Implementation:Farama Foundation Gymnasium VectorEnv Step Reset
| Knowledge Sources | |
|---|---|
| Domains | Reinforcement_Learning, Parallelism |
| Last Updated | 2026-02-15 03:00 GMT |
Overview
Concrete tool for batched step and reset interaction with vectorized environments provided by the Gymnasium library.
Description
The VectorEnv abstract base class provides batched step and reset methods that operate across all sub-environments simultaneously. Observations are returned as arrays with the first dimension being num_envs. Rewards, terminated, and truncated signals are also batched as 1D arrays.
Usage
Use envs.reset() to initialize all sub-environments and envs.step(actions) with a batched action array to advance all environments. Access envs.single_observation_space and envs.single_action_space for per-environment space information.
Code Reference
Source Location
- Repository: Gymnasium
- File: gymnasium/vector/vector_env.py
- Lines: L40-200
Signature
class VectorEnv:
num_envs: int
single_observation_space: Space
single_action_space: Space
observation_space: Space # Batched
action_space: Space # Batched
def reset(
self,
*,
seed: int | list[int] | None = None,
options: dict | None = None,
) -> tuple[ObsType, dict]:
"""Reset all sub-environments.
Args:
seed: Seed(s) for the environments' PRNGs.
options: Reset options.
Returns:
observations: Batched initial observations (num_envs, *obs_shape).
infos: Batched info dictionaries.
"""
def step(
self, actions: ActType
) -> tuple[ObsType, ArrayType, ArrayType, ArrayType, dict]:
"""Step all sub-environments with batched actions.
Args:
actions: Batched actions of shape (num_envs, *act_shape).
Returns:
observations: (num_envs, *obs_shape)
rewards: (num_envs,)
terminateds: (num_envs,)
truncateds: (num_envs,)
infos: Batched info dict
"""
Import
import gymnasium as gym
envs = gym.make_vec("CartPole-v1", num_envs=4)
# envs is a VectorEnv instance
I/O Contract
Inputs
| Name | Type | Required | Description |
|---|---|---|---|
| actions (step) | ndarray | Yes | Batched actions, shape (num_envs, *act_shape) |
| seed (reset) | int or list[int] | No | PRNG seed(s) for reproducibility |
Outputs
| Name | Type | Description |
|---|---|---|
| step() | tuple | (obs, rewards, terminateds, truncateds, infos) all batched |
| reset() | tuple | (obs, infos) batched |
Usage Examples
A2C Data Collection
import gymnasium as gym
import numpy as np
envs = gym.make_vec("CartPole-v1", num_envs=8)
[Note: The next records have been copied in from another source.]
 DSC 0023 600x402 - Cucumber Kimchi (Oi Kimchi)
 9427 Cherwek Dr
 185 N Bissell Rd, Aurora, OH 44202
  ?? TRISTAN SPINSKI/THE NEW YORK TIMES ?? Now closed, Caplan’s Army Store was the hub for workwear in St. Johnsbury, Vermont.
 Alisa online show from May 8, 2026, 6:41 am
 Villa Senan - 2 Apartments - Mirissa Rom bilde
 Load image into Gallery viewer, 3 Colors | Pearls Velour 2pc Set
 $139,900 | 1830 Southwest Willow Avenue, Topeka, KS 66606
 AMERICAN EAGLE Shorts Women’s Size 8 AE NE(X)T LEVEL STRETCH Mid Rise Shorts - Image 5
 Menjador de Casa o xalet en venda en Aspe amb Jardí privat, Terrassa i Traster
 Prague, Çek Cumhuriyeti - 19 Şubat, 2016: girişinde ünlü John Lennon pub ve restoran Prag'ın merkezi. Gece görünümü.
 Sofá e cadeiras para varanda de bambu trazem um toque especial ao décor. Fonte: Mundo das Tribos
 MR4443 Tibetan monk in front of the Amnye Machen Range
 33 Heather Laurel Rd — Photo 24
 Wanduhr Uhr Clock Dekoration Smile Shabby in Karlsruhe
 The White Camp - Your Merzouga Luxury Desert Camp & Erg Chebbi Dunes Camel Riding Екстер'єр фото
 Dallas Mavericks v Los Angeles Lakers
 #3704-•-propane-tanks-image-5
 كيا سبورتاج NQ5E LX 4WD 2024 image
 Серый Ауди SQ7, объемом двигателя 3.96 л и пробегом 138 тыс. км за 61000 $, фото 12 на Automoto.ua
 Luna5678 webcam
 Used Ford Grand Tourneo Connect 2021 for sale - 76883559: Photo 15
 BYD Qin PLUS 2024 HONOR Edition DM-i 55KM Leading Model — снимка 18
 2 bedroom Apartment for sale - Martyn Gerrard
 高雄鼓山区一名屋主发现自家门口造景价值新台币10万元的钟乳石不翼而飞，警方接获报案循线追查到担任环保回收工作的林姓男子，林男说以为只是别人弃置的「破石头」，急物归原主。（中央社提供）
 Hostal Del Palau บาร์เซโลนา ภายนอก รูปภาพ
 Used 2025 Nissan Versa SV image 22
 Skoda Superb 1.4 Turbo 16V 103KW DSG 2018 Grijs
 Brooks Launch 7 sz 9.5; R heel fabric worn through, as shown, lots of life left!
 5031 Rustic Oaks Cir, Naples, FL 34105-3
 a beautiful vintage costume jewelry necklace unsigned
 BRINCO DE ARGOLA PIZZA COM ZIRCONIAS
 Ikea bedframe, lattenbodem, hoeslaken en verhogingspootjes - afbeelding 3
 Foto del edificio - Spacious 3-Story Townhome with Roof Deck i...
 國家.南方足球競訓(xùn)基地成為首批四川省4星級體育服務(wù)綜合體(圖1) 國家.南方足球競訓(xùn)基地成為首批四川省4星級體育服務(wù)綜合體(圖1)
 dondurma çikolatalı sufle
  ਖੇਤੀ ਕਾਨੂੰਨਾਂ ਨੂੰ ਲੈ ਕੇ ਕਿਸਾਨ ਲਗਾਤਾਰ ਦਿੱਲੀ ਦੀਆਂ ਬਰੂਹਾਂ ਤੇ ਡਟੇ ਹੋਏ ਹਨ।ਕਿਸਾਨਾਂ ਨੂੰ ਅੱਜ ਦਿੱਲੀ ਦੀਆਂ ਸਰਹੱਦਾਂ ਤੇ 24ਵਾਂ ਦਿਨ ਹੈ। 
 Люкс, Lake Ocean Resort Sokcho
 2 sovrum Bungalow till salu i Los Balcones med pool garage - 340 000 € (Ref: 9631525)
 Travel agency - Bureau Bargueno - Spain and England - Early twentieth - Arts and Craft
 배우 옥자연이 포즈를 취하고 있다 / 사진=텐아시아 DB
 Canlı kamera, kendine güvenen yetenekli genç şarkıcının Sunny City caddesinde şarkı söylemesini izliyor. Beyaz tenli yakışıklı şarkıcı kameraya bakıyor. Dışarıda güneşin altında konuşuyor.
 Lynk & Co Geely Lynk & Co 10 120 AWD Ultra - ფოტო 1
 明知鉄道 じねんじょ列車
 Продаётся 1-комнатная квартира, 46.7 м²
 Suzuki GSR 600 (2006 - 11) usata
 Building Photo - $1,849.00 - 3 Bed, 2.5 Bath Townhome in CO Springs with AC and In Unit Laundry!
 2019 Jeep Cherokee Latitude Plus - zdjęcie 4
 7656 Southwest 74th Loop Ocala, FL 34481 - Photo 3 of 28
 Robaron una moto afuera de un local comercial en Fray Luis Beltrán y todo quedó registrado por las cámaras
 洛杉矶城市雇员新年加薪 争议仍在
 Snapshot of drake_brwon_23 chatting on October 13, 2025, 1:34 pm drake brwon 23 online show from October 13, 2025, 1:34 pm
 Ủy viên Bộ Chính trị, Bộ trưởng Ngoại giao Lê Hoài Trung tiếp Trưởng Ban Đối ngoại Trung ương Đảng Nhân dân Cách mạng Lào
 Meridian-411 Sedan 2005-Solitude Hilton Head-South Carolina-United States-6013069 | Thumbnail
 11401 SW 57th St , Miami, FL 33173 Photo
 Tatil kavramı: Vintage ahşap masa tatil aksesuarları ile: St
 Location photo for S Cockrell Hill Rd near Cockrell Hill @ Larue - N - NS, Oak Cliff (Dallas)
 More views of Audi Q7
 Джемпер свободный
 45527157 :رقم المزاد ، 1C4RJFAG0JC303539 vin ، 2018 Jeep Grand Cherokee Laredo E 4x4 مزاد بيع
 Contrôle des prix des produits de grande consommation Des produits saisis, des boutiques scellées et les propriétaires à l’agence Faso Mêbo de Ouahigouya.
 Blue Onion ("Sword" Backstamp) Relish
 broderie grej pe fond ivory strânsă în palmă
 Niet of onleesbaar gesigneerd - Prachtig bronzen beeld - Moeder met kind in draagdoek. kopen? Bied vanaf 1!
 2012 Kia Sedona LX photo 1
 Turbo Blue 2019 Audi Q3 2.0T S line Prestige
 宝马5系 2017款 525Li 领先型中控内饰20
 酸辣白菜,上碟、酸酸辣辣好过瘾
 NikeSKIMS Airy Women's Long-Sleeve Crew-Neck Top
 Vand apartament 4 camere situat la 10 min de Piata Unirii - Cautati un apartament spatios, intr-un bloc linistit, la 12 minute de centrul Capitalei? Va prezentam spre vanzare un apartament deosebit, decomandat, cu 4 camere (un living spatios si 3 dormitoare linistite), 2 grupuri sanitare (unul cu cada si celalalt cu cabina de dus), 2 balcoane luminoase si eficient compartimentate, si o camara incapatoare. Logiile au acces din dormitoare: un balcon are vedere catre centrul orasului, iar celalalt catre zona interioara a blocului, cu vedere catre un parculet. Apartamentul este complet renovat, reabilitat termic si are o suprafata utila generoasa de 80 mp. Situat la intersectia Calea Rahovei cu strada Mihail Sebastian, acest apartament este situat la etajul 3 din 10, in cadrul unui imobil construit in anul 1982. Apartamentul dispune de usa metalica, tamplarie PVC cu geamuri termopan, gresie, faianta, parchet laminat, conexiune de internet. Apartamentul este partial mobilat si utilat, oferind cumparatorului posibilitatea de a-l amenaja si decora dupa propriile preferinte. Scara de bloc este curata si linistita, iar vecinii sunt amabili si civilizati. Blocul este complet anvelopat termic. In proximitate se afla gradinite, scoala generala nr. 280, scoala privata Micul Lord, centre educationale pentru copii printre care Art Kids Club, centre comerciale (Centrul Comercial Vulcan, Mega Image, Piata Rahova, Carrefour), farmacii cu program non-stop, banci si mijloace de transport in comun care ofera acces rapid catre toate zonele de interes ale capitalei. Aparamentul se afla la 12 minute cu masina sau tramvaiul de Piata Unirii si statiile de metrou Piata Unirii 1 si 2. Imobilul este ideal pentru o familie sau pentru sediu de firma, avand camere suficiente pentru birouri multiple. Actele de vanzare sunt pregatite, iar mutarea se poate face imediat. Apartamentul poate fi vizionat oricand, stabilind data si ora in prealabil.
obs, infos = envs.reset(seed=42)
# Collect a rollout of T steps
T = 128
all_obs = np.zeros((T, envs.num_envs, *envs.single_observation_space.shape))
all_rewards = np.zeros((T, envs.num_envs))
all_dones = np.zeros((T, envs.num_envs))
for t in range(T):
actions = envs.action_space.sample() # (8,)
obs, rewards, terminateds, truncateds, infos = envs.step(actions)
all_obs[t] = obs
all_rewards[t] = rewards
all_dones[t] = np.logical_or(terminateds, truncateds)
envs.close()